WHAT NEEDS TO BE DONE: Without any pictures, print the lines below from the one that has "Carcaj selk'nam del" through the one that has "Hot Pamono Camaleonda", exactly and nothing else.

[DATA]

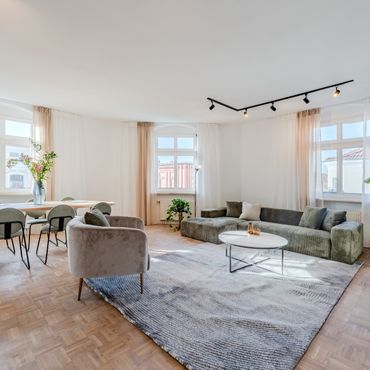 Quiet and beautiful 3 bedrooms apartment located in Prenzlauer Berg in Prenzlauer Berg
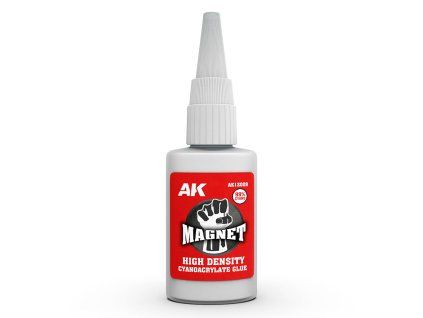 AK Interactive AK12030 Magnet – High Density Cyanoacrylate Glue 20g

[/DATA]
[DATA]

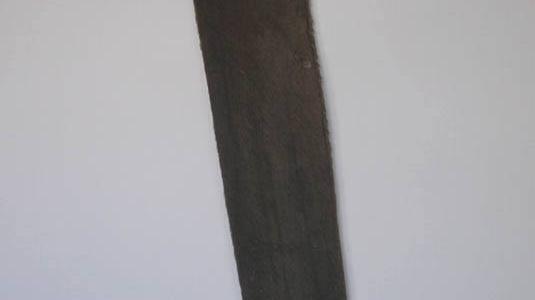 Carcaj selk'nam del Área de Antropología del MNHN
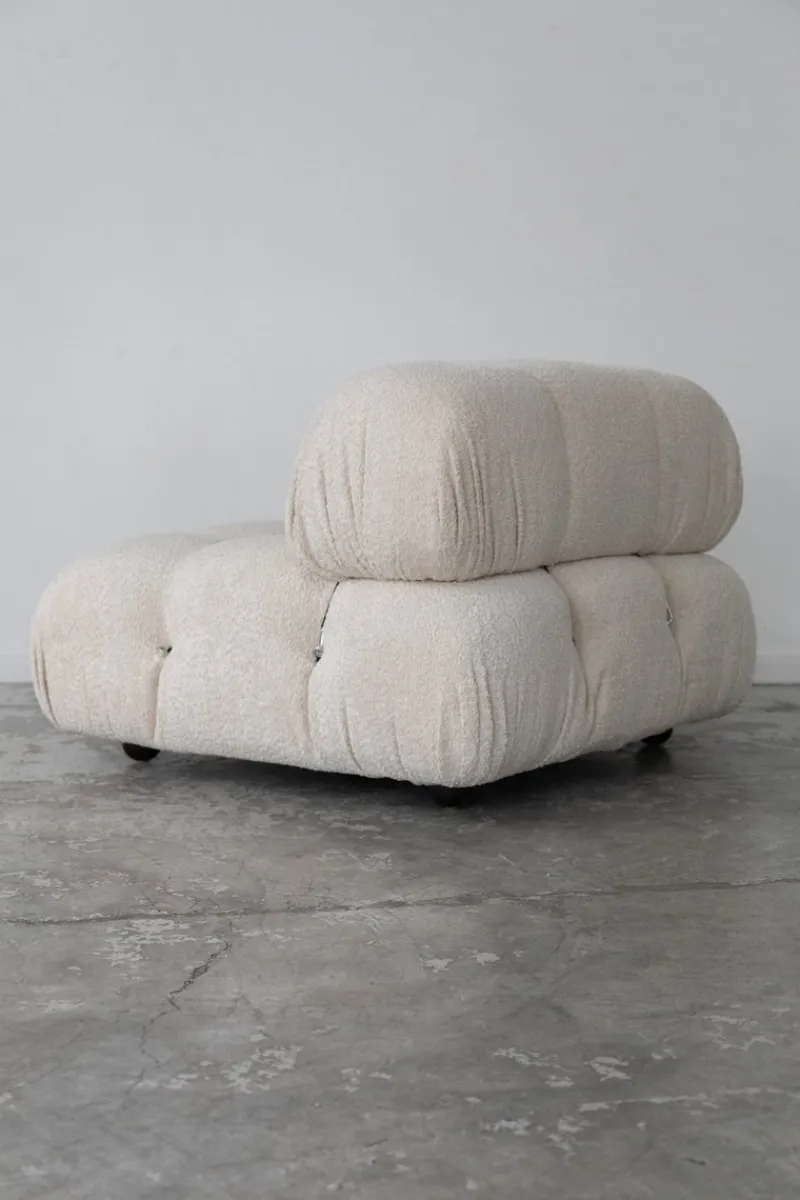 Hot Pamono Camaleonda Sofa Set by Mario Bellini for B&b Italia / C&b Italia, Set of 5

[/DATA]

RESULT:
 Carcaj selk'nam del Área de Antropología del MNHN
 Hot Pamono Camaleonda Sofa Set by Mario Bellini for B&b Italia / C&b Italia, Set of 5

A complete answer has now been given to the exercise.